La terza riflessione: qualsiasi rielaborazione del concetto di stabile organizzazione è ormai inidonea a svolgere – quantomeno nei confronti dell’impresa digitale – la funzione che originariamente le era stata assegnata: attribuire a ciascuna giurisdizione in cui opera un soggetto residente in un diverso paese il diritto di tassarne i profitti per la parte realizzata nel primo paese. Significativo, al riguardo, il lavoro tutt’altro che marginale svolto dall’Ocse sull’argomento e la pochezza dei risultati raggiunti.

La quarta: quand’anche si individui una accettabile riformulazione della stabile organizzazione in questione (vedi la cosiddetta “significativa presenza digitale”) occorre poi passare all’individuazione del valore attribuibile ai beni immateriali (software, know how, ma anche dati archiviati) apportati dalla casa madre, a quelli autoprodotti in loco, al contributo commerciale sviluppato dalla casa madre e a quello generato in loco.
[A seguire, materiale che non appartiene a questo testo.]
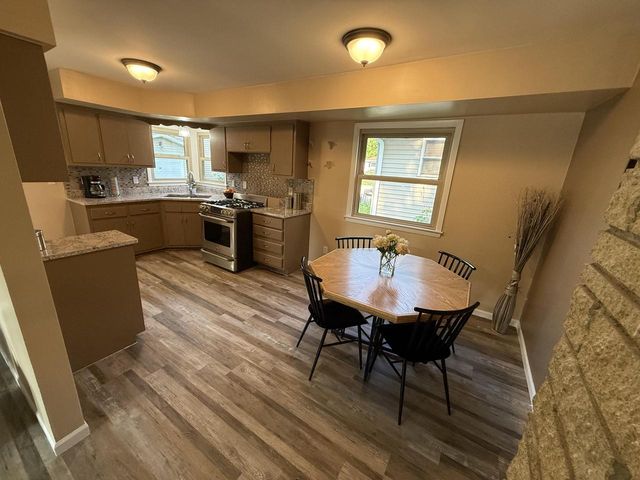 7140 N 48th STREET, Milwaukee, WI 53223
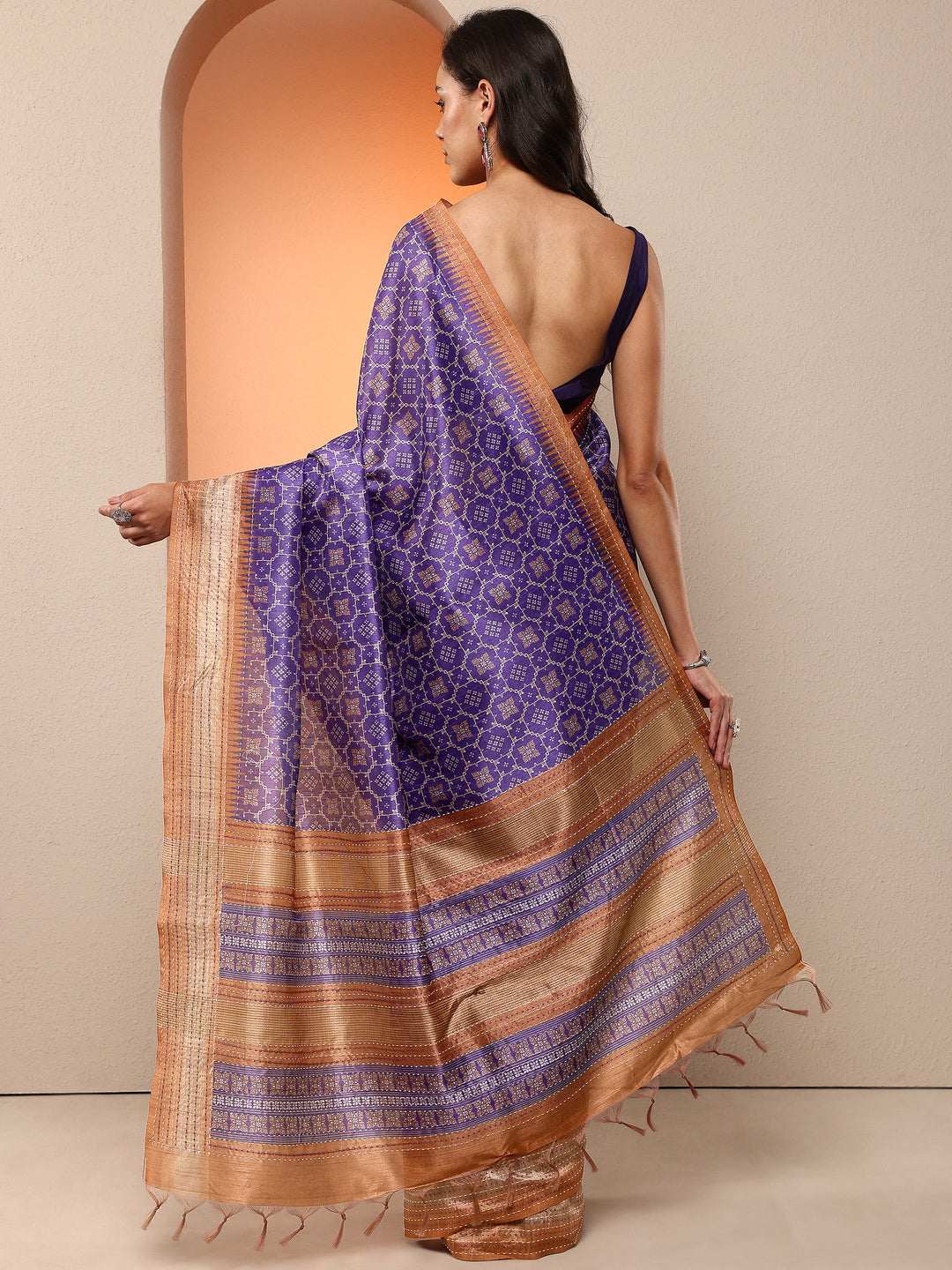  Purple Printed Silk Blend Saree With Unstitched Blouse Piece 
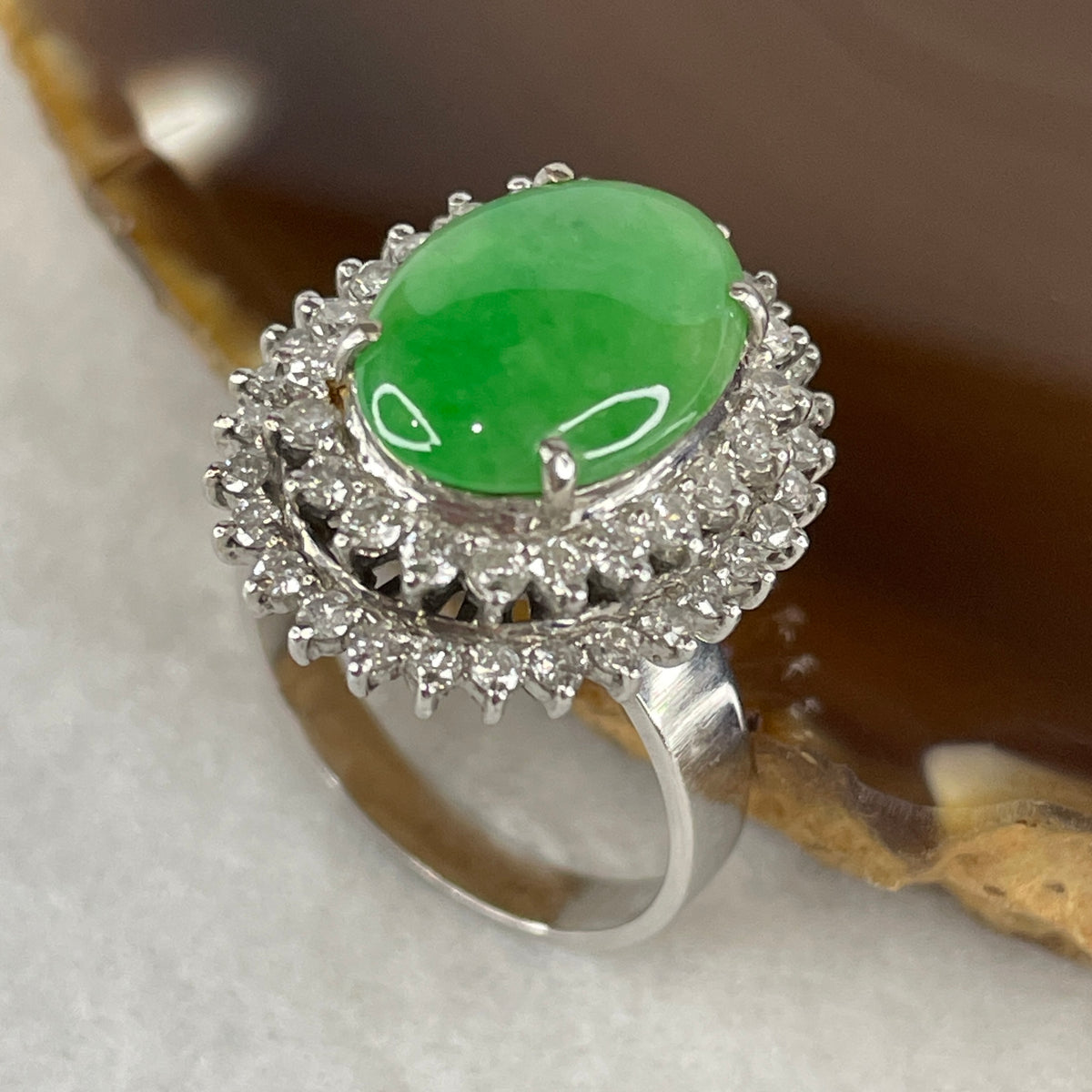 NGI Certified Natural Type A Apple Green Jadeite Cabochon Ring in 14K White Gold with Diamonds | US 7.1 / HK 15.5 (7.62g | Vivid Translucent Apple Green | 13.76x9.85x3.31mm Cabochon)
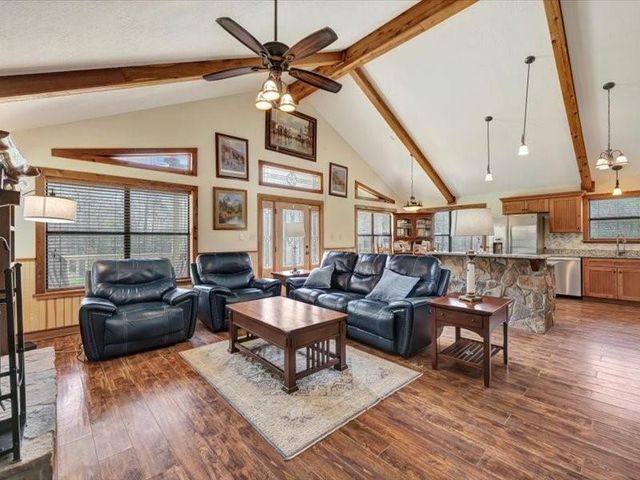 115 Lake Crest Drive, Etoile, TX 75944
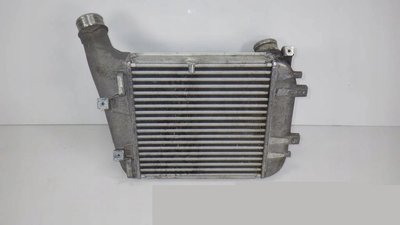 4L0145804B интеркулер правый 6.0 tdi v12 audi q7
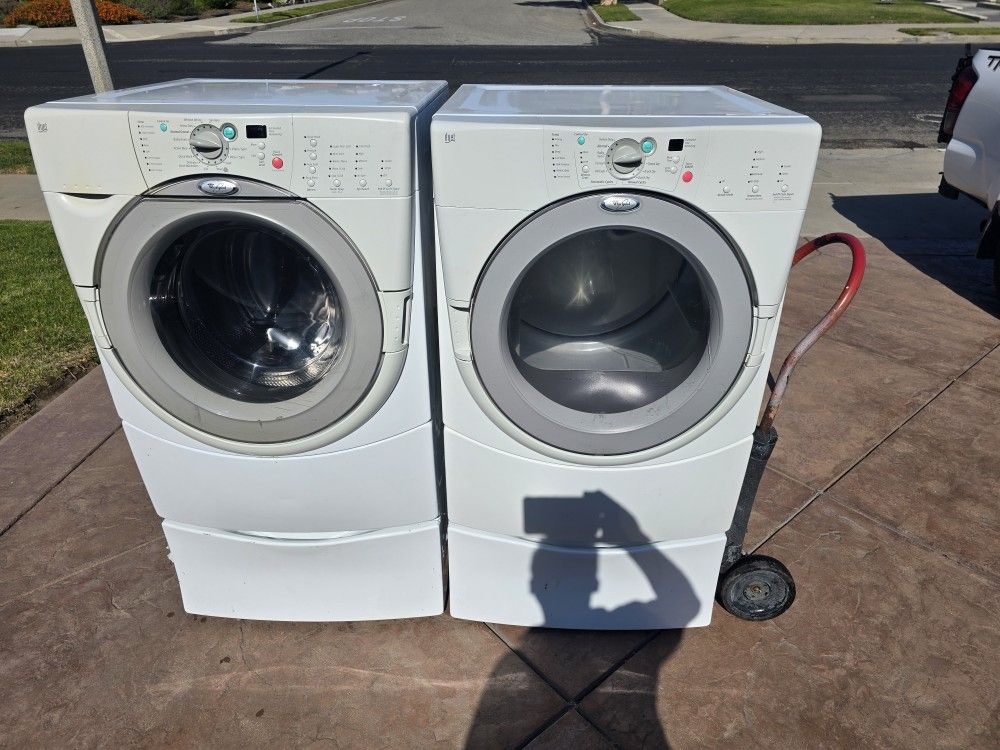 Whirpool Washer And Dryer Gas Firm Price $550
Valgono di più i dati raccolti o i sistemi di elaborazione degli stessi? Emergerebbe, quindi, un’altra insidiosa questione: come si misura il reddito di una stabile organizzazione digitale? Certo, esistono più sistemi idonei a misurare il transfer pricing all’interno di gruppi multinazionali e nella specie il cosiddetto profit split potrebbe apparire quello più appropriato. Ma, insomma, non sarà vita facile per accertatori e contribuenti.

La quinta: preso atto della difficoltà a continuare sulla via storica della “stabile organizzazione” non vale forse la pena di pensare a qualcos’altro? La Commissione UE lo ha già fatto proponendo una “interim web tax”. La proposta ha palesemente il carattere della provvisorietà ed è motivata dal desiderio di spingere la riformulazione dei caratteri della “stabile organizzazione”. Ma è la strada giusta? Occorrerebbe, forse, prendere atto che la tassazione quantomeno transnazionale di questa tipologia di imprese semplicemente non è riconducibile a ordinari parametri reddituali. Che l’unità di misura del conto economico non regge e che sono i ricavi (flussi di cassa), sia pur con certi correttivi, il fattore più capace di evidenziare l’attitudine alla contribuzione delle imprese in questione. Del resto, la direttiva sulla Ccctb (Common Consolidated Corporate Tax Base – base imponibile consolidata comune) si muove già in quest’ottica ai fini della ripartizione della base imponibile dei gruppi europei. Si potrebbe, forse, partire da lì per costruire il nuovo, non facile, domani.